Little Runner of the Longhouse (I Can Read Book 2) This is a wonderful story of a little boy who lives in a longhouse and tries to figure out how he can get more maple sugar candy.
Soft Step and Bright Eyes: A Tale of Native American Life (No. 4 in Suzanne Tate’s History Series)
This is a short book with pictures
The Sign of the Beaver. This is a chapter book without pictures. I didn’t use this for my unit study, but my son used it as a reading book later in the school year. It is probably a fourth or fifth grade reading level. It would make a great read aloud book too.
The book More Than Moccasins: A Kid’s Activity Guide to Traditional North American Indian Life (A Kid’s Guide series) is a necessity if you are studying Native Americans. It is full of art and craft actvities as well as information. Most of our time studying Native Americans was spent in this book. We made tepees, wigwams, wampum, clothing, anklets, armbands, headdresses, food, and more!
We also made a Northwest Coast Punch-Out Indian Village (Punch-Out Paper Toys). The punch-out kit made a canoe, totems, people figures, and a longhouse.
Here are a few pictures showing some of our activities for our Native American unit study.
Here we learned about different colors of paint and designs and what they could mean. The boys chose the colors they wanted on their face.
We made paper mache rattle instruments to be used during dancing. After the paper mache had dried the boys painted them.
We made headdresses out of cereal boxes, feathers, paper, and little cotton balls.
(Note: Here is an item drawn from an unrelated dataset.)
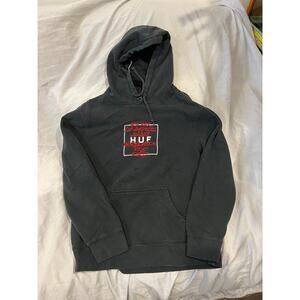 HUF Worldwide Cities Black Hoodie Mens M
They made something for the baby too.
At the end of our study we had a feast. Here my son is helping make fry bread. Fry bread was dough fried with some sugar on top.
Before our feast day we had prepared Native American costumes. The breechcloth is made of a long piece of material tied on with a string. They had shorts on underneath though.
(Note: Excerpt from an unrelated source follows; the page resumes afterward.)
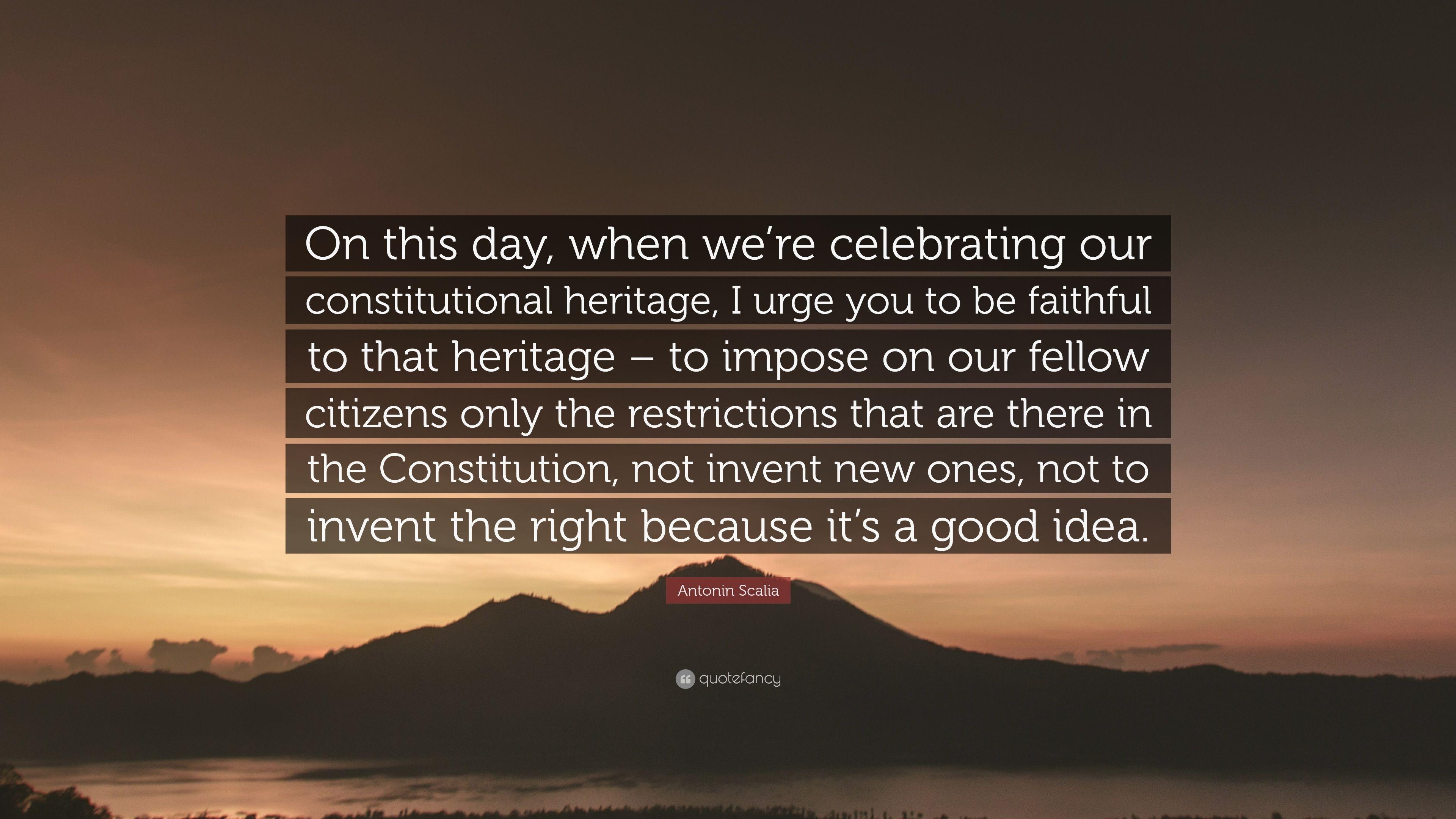 3840x2160 Antonin Scalia Quote: “On this day, when we're celebrating our, Desktop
Here we are enjoying our feast. We had three different kinds of popcorn, toasted seeds, eggs, fry bread, raisins, and maple sugar candy. It was a hit!
After the feast the boys danced with their instruments they made.
Following the dancing we played a couple of Native American games. Here we are playing a game with decorated popsicle sticks.
To finish off our feast day and unit study of Native Americans we had foot races. Because it was winter we had foot races inside.
We found ideas and information for the activities pictured from More Than Moccasins: A Kid’s Activity Guide to Traditional North American Indian Life (A Kid’s Guide series).